Maybe the person that drew this thought they were drawing a map or something of their journey.

It's not a distance-time graph.

So this is gonna be a problem, because this says we're going backwards in time.

It doesn't mean that we're walking in a different direction down to the bottom of the rocks.

That doesn't make sense.

This means we're going backwards in time.

That's impossible.

And this definitely does not mean climbing up a rock face, 'cause that's definitely gonna take time.

So we can't have a vertical line.

And then I wonder if you got this bit.

This is a distance-time graph, so it shouldn't have line segments with negative gradient.

It's not a distance from home, it's a total distance.

Also, this is a steeper line segment than the first line segment, so that would suggest they were walking back to their car quicker than they drove, which doesn't really make sense either.

Right, well done if you spotted all those mistakes.

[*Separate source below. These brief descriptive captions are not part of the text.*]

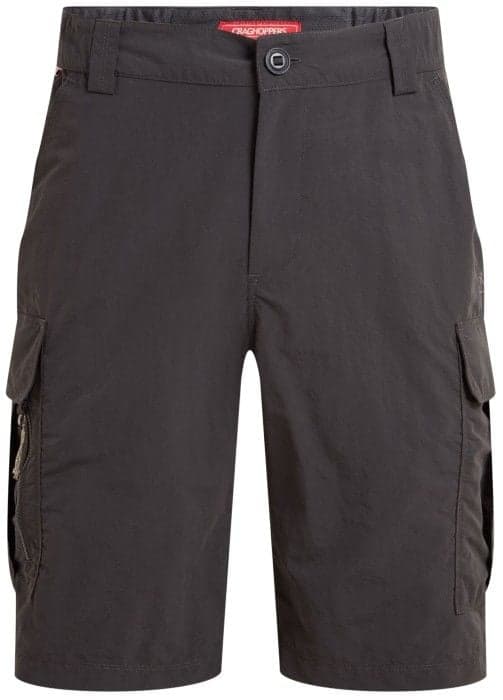 Craghoppers M's NosiLife Cargo Short III Black Pepper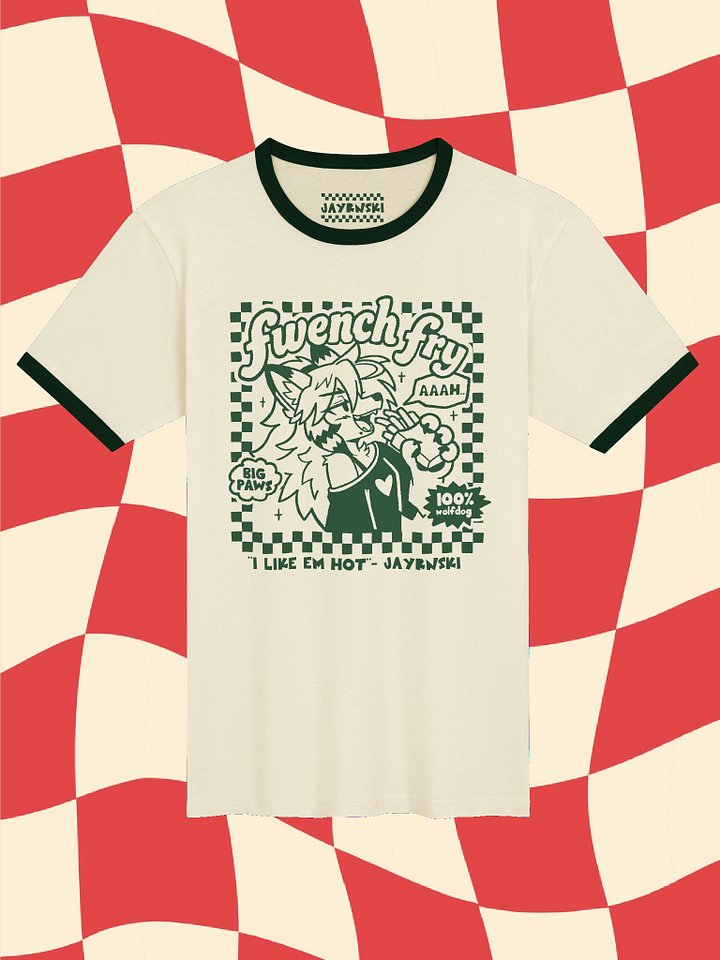 Fwench Fry Shirt - Forest Green 💚 product image (1)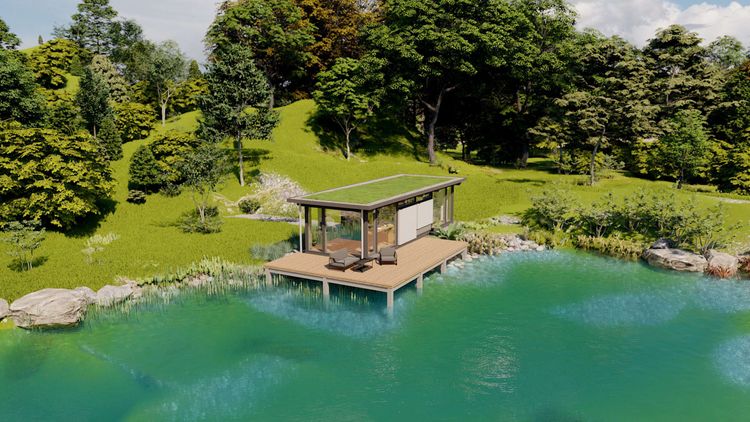 HUF Haus Tiny House am See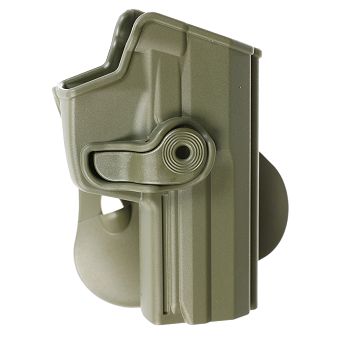 Kabura Roto Paddle - H&K USP Full Size IMI Defense Z1140 - zielona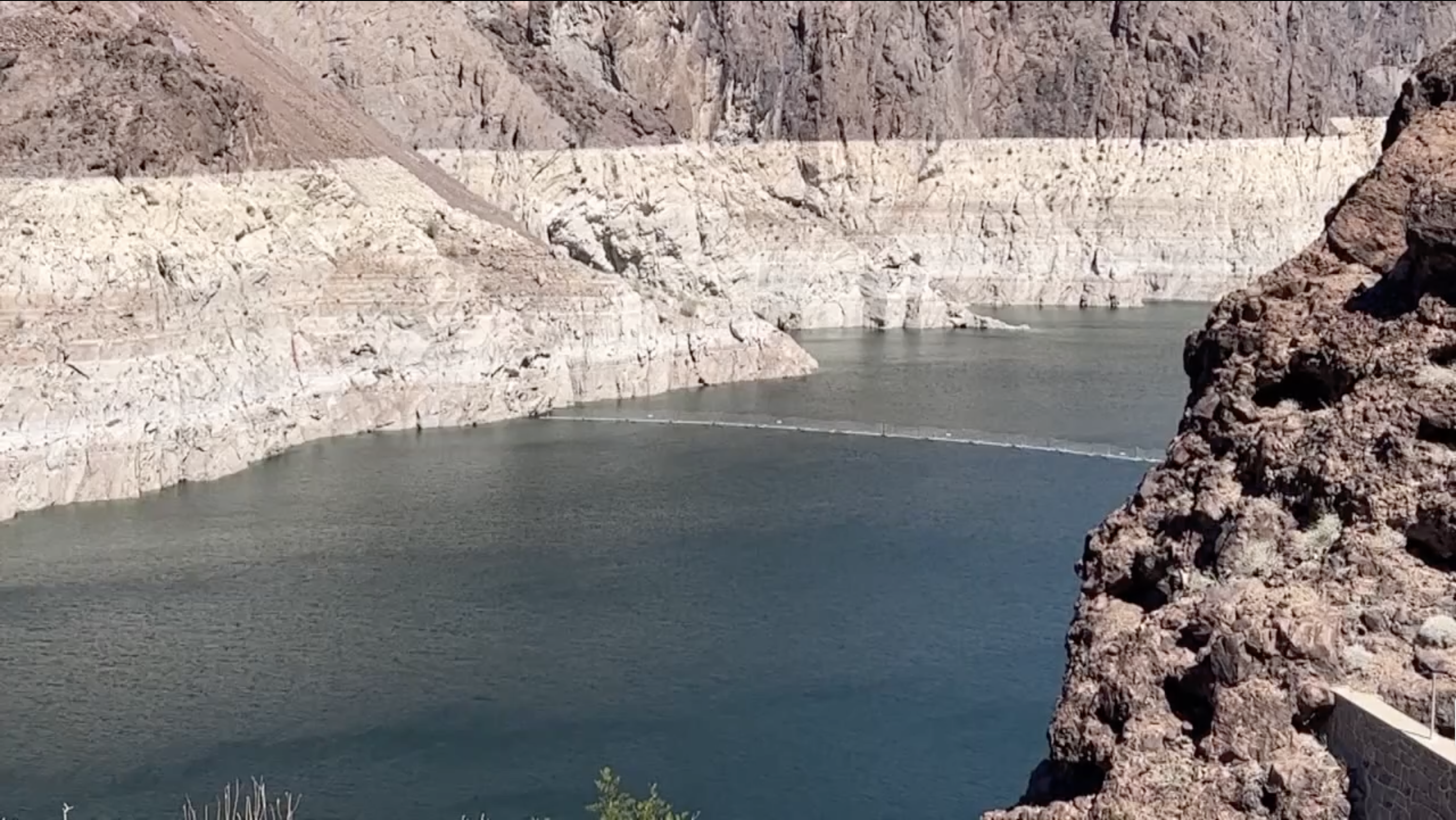 Colorado River water levels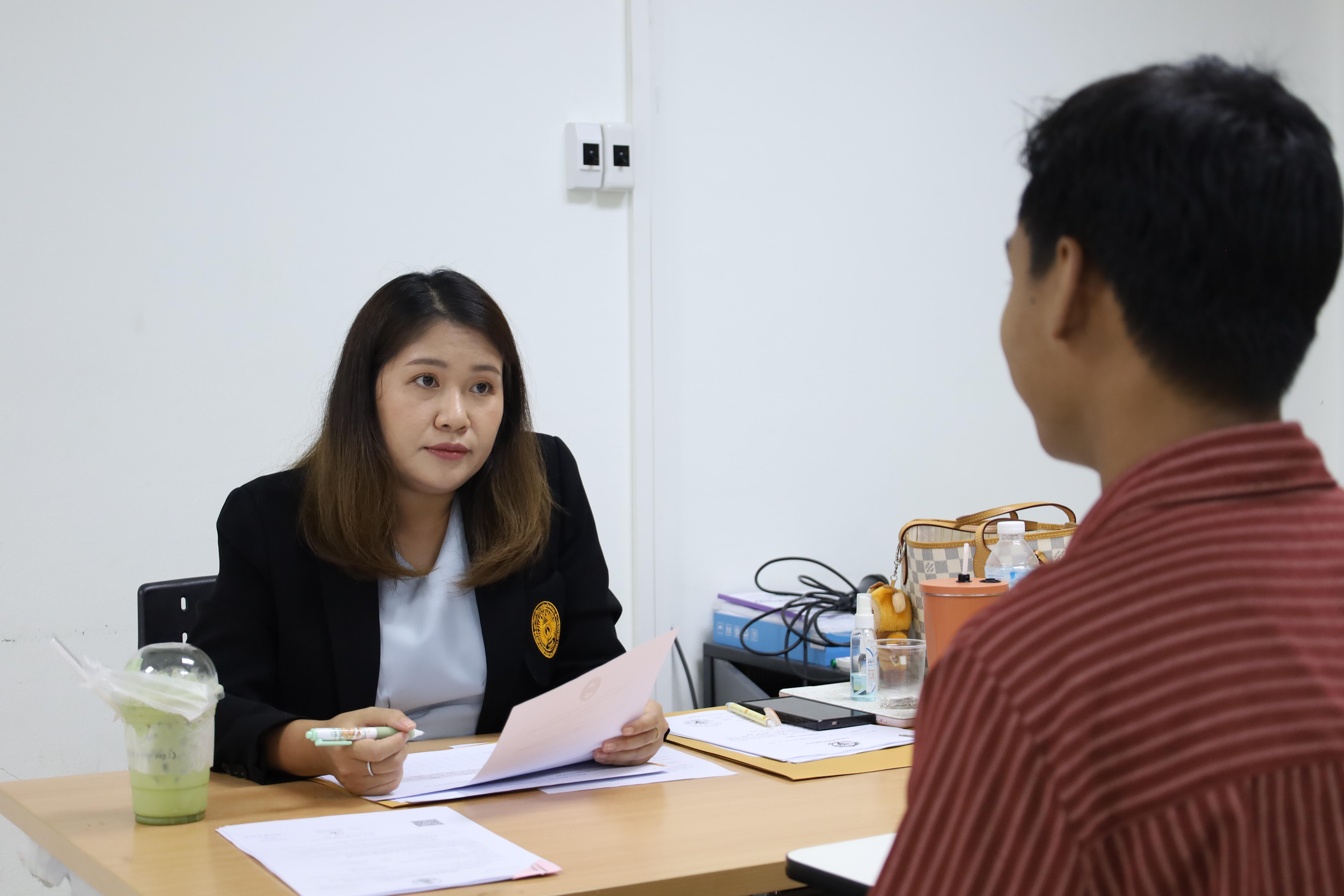 78. เมื่อวันที่ 23 สิงหาคม 2568 ผศ.ดร.ประจบ ขวัญมั่น คณบดีคณะครุศาสตร์พร้อมด้วยคณะผู้บริหาร คณะครุศาสตร์ ได้ลงพื้นที่ตรวจเยี่ยมการสอบคัดเลือกนักศึกษาเข้าศึกษาในหลักสูตรประกาศนียบัตรสาขาวิชาชีพครู ประจำปีการศึกษา 2568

Now we're gonna have a look at some other real life graphs.

So we can use graphs to model all sorts of scenarios.

So here we've got a graph, we still got time on the x-axis and this time we're gonna plot the depth of water of time rather than the distance travelled over time.

So water is run from a bath tap into a bath at a constant rate.

So the inside of the bath can be modelled as a cuboid and therefor it's got a rectangular cross section.

So let's see what a graph would look like of the depth of water over time.

Because the cross section of the bath is the same at all depths, the depth is gonna change at a constant rate therefore we have a linear graph.

So you have a constant rate of change, so a linear graph.

Okay, what about if I have a slightly shorter bath.

Still has the same width.

Well, this time it's gonna fill up quicker, so it will take less time to get to the same depth.

We still have a constant rate of change, so we still have a linear graph, but it's steeper this time.

Ooh, so this time we have a bath with a ledge for a seat.

We've still gotta fill up to the top.

What do think that will do to our depth-time graph? Make a prediction before we have a look.

Okay, well it's still gonna increase at a constant rate until it reaches the seat, but then because the seat adds extra space to our bath, it's gonna take longer to fill up.

It's still gonna be a linear line segment, because it's still increasing at a consistent rate, but slower than before.

So it's gonna be less steep.

It's gonna have a smaller gradient than the previous line segment.

Okay, well so far we haven't been very realistic, because most baths have ends which are at an angle for comfort.

So what will be different when we fill this bath? Pause the video.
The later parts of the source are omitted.